Ravioli code - why an anti-pattern?

Tola Odejayi picture Tola Odejayi · Jan 12, 2010 · Viewed 14.6k times · Source

I recently came across a term 'God object' which was described as an 'anti-pattern'. I'd heard of bad coding practices, but I'd never heard them described thus.

So I headed off to Wikipedia to find out more, and I found that there is an anti-pattern called 'Ravioli code' which is described as being "characterized by a number of small and (ideally) loosely-coupled software components."

I'm puzzled - why is this a bad thing?

Answer

GmonC picture GmonC · Jan 12, 2010

Spaghhetti:

Spaghetti code is a pejorative term for source code

Ravioli:

Ravioli code is a type of computer program structure, characterized by a number of small and (ideally) loosely-coupled software components. The term is in comparison with spaghetti code, comparing program structure to pasta;

It's comparing them. It isn't saying it's an anti-pattern.

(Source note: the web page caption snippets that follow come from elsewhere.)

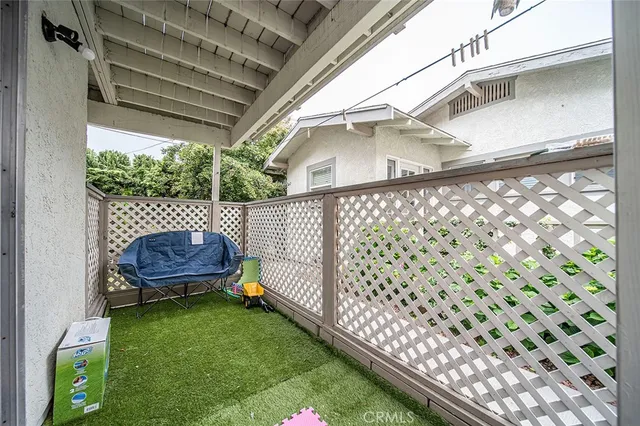 $950,000 | 905 Gardenia Avenue, Long Beach, CA 90813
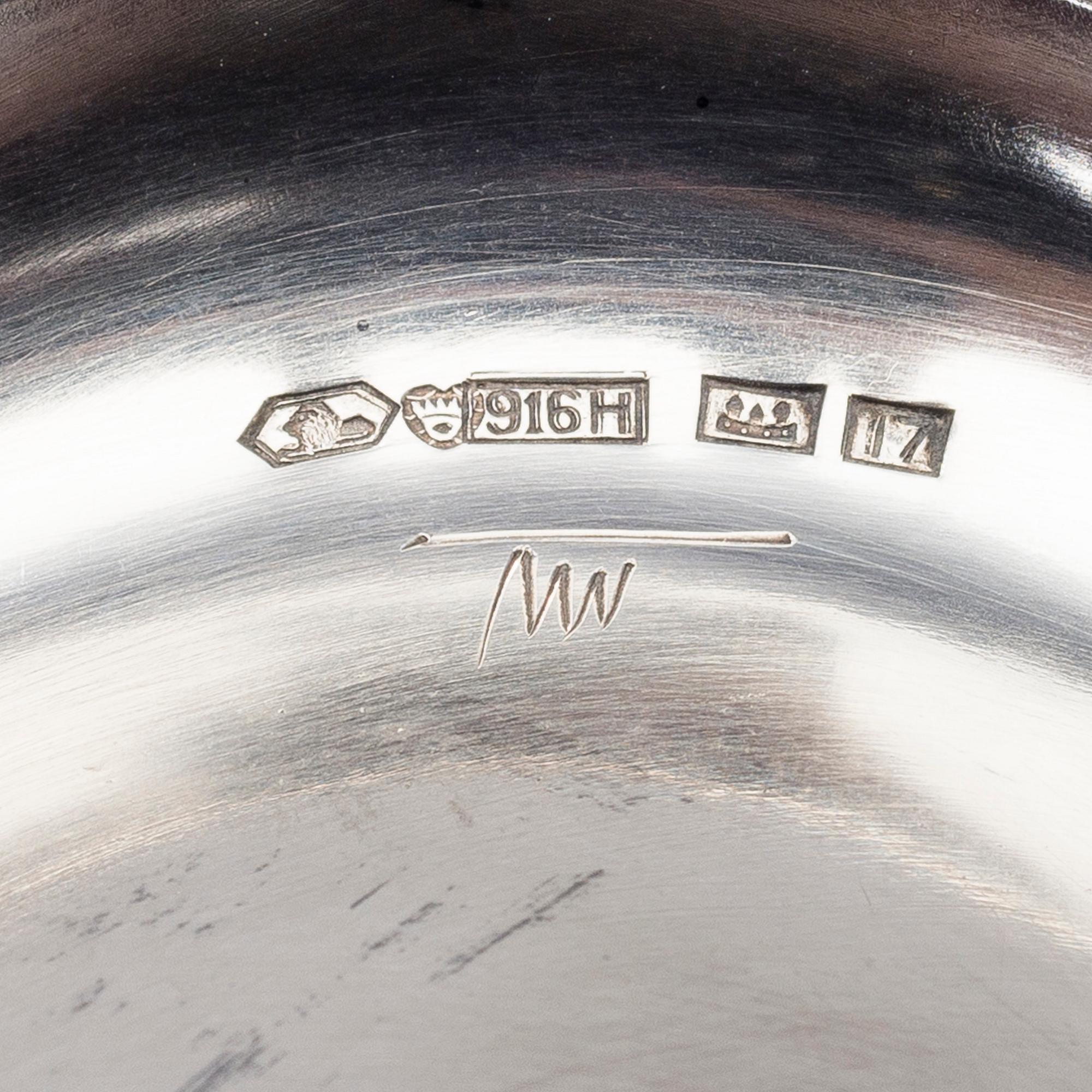 TAPIO WIRKKALA, SKÅL TW 11, silver, Hopeakeskus, Hämeenlinna 1962. Vikt 161 g.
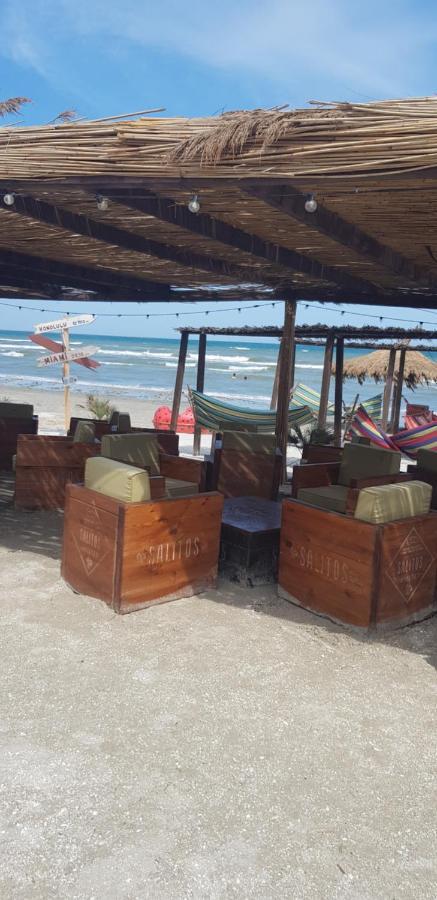 Апартаменты Garsoniera Papaya Beach Нэводари Экстерьер фото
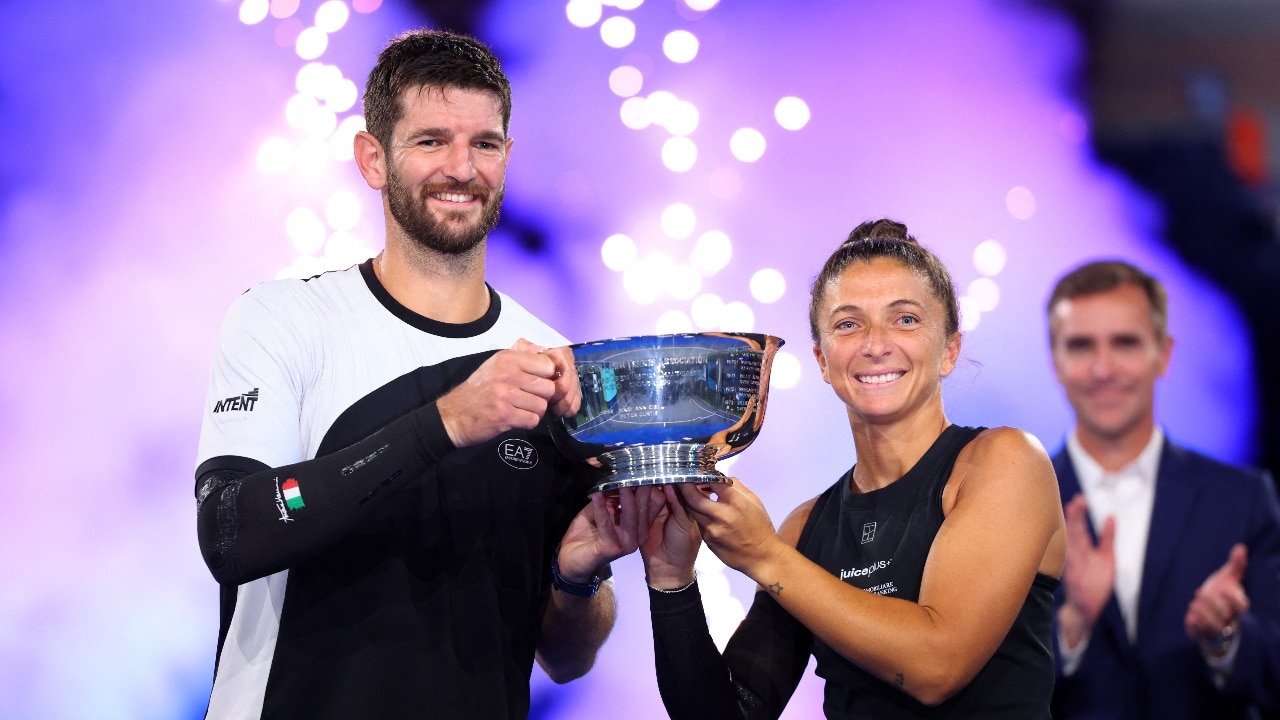 Errani dedicated the win to doubles specialists (Courtesy: Reuters) Sara Errani, Andrea Vavassori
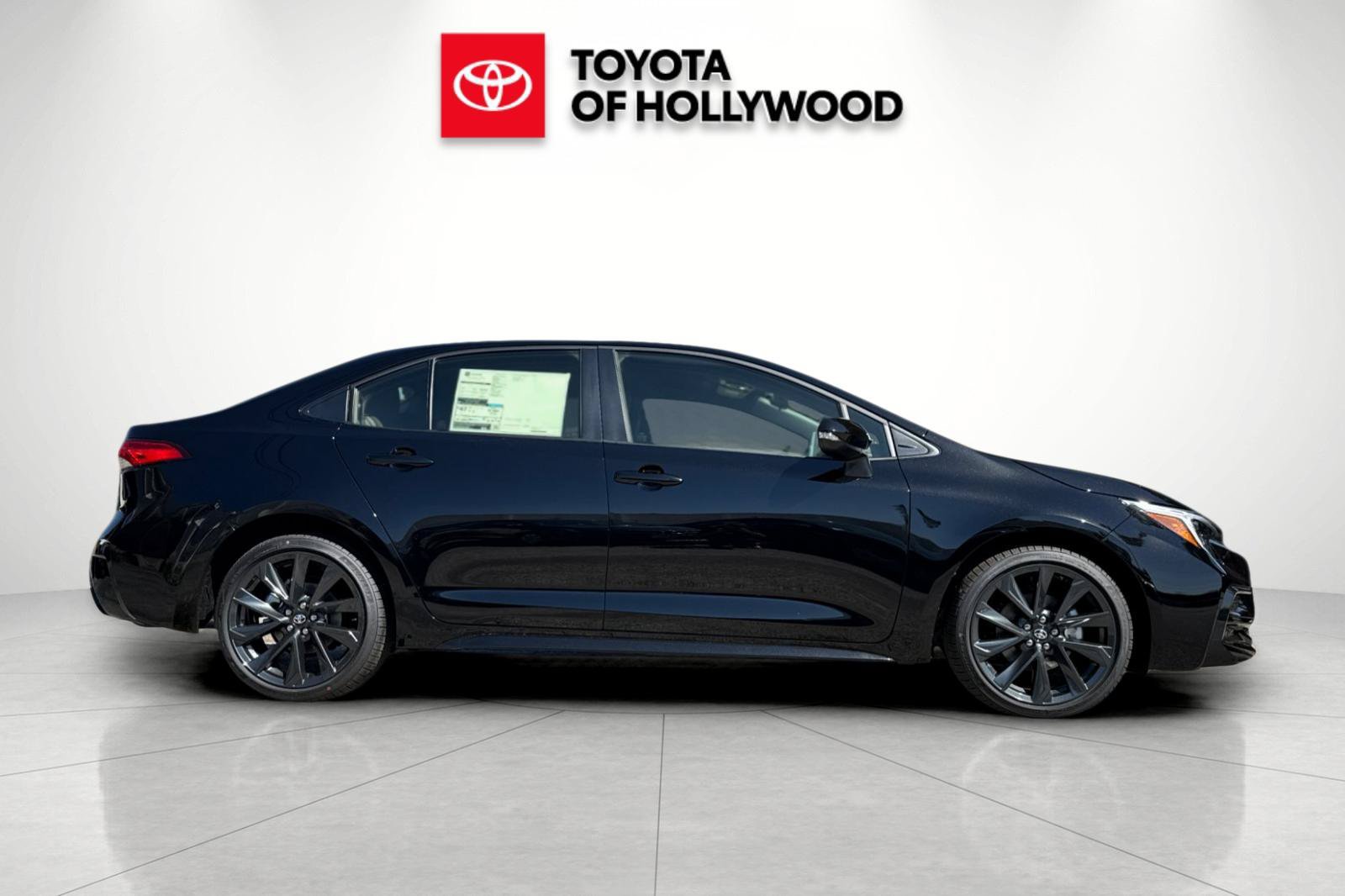 New 2027 Toyota Corolla SE w/ SE Premium Package FWD image 3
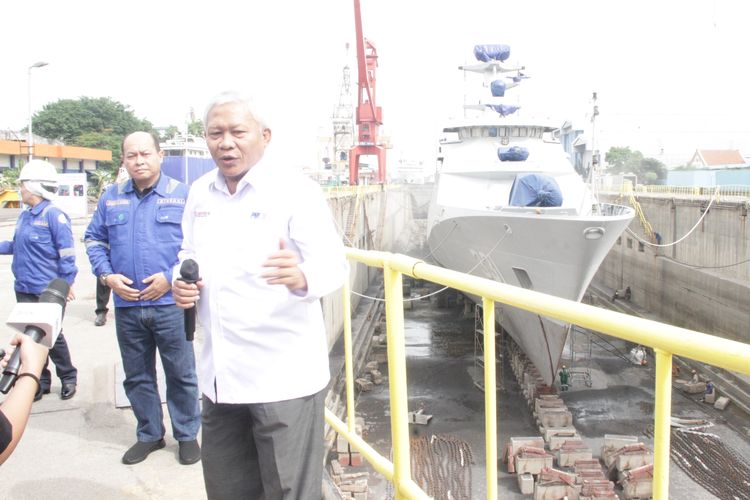Komisaris Utama PT PAL Indonesia Didit Herdiawan saat memberi penjelasan tentang proyek Refurbishment 41 KRI (R41) di depan graving dock dengan KRI RE Martadinata ada di dalamnya. Gambar diambil pada Senin (22/1/2024).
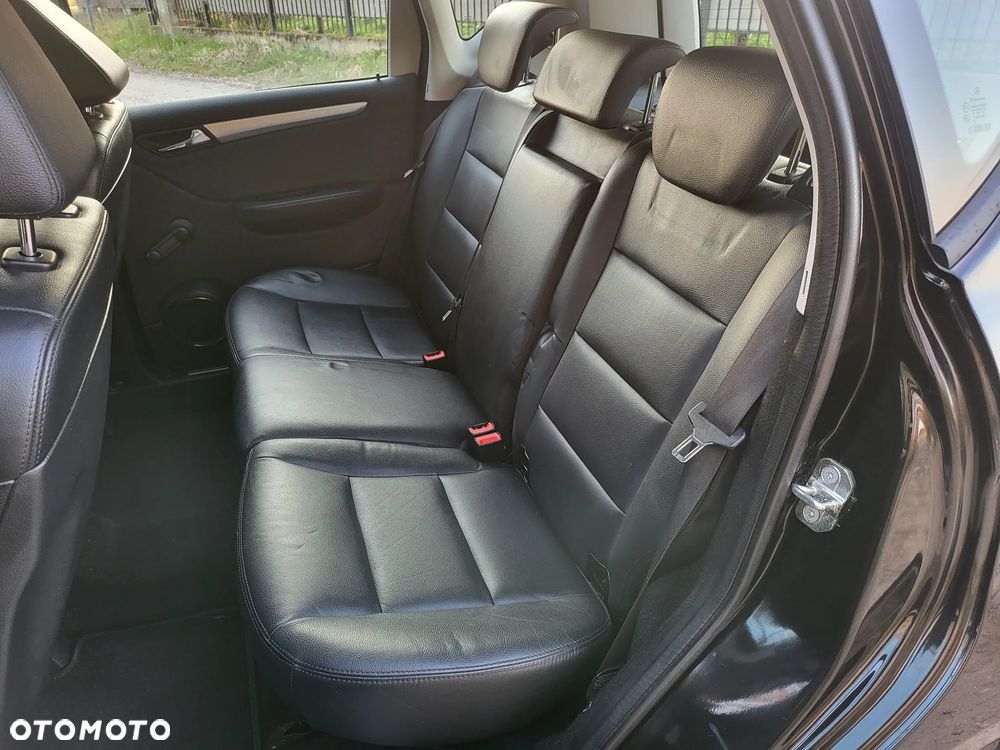 Mercedes-Benz Klasa A 180 CDI Avantgarde Edition 10 - 18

But I agree. The article is confusing. The problem is not with ravioli analogy but with the wikipedia article structure itself. It starts calling Spaghetti as a bad practice, then says some examples and after that say something about Ravioli code.

EDIT: They improved the article. Is an anti-pattern because

While generally desirable from a coupling and cohesion perspective, overzealous separation and encapsulation of code can bloat call stacks and make navigation through the code for maintenance purposes more difficult.